One less good thing in the World

Day One (Well, Night One, both physically and mentally), Jan. 5th, 2010

Let's start off with something positive , shall we? Three years until the end of the world. No, wait, there's even less . 1079. One-thousand and seventy-nine days left to live, if you can call it living. Well, at least Presbama won't be able to screw up this country a second time. That's enough national politics right there to keep a pessimist happy for weeks. Um, maybe 'happy' isn't the right word. Anyway, personal experience of the day: I dropped half of a chocolate cupcake onto the sidewalk as I was walking home. Those cupcakes are probably one of the last good things in this world, and they were wasted. Number two, play practice was moved to A-days (my school has a block schedule. It's pretty annoying), so I hung around at school for an hour until someone told me that the rehearsals had been moved. Twenty minutes later I dropped that cupcake!
Time for a quote analysis! My favor...Um, whatever.
"Never be afraid to try something new. Remember, amateurs built the ark. Professionals built the Titanic."

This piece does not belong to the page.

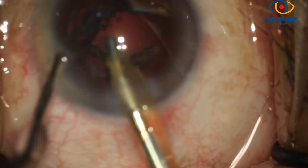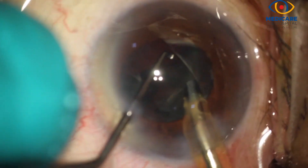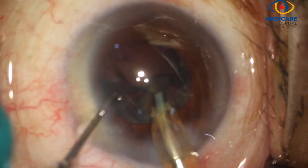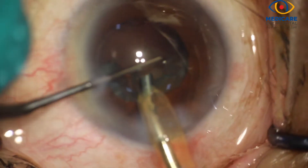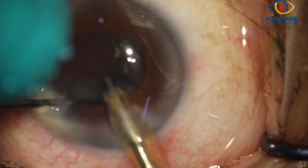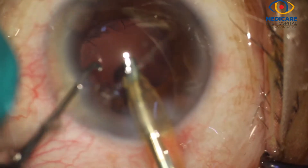After complete removal of the nucleus, what you can see is the thick epinuclear sheet, which has formed because of the complete hydrodelineation performed earlier. This is engaged in the epinucleus mode of the phaco machine and is emulsified with low phaco power. The sub-incisional epinucleus is also being cleared up now.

Well, YOU remember buddy. The Titanic hit an iceberg, barely months after it first left port, and GOD designed the ark. Looks like the 'amateurs' outdid the 'Professionals.' Using logic, we can assume that professionals are amateurs.
“Before you criticize someone, you should walk a mile in their shoes. That way when you criticize them, you are a mile away from them and you have their shoes.” I'm likin' this guy, even though he's probably stolen thousands of pairs of shoes from innocent victims. Strike the innocent part, it's probably not true.
“Some mornings, it's just not worth chewing through the leather straps.” I absolutely agree on one condition: It's never worth it.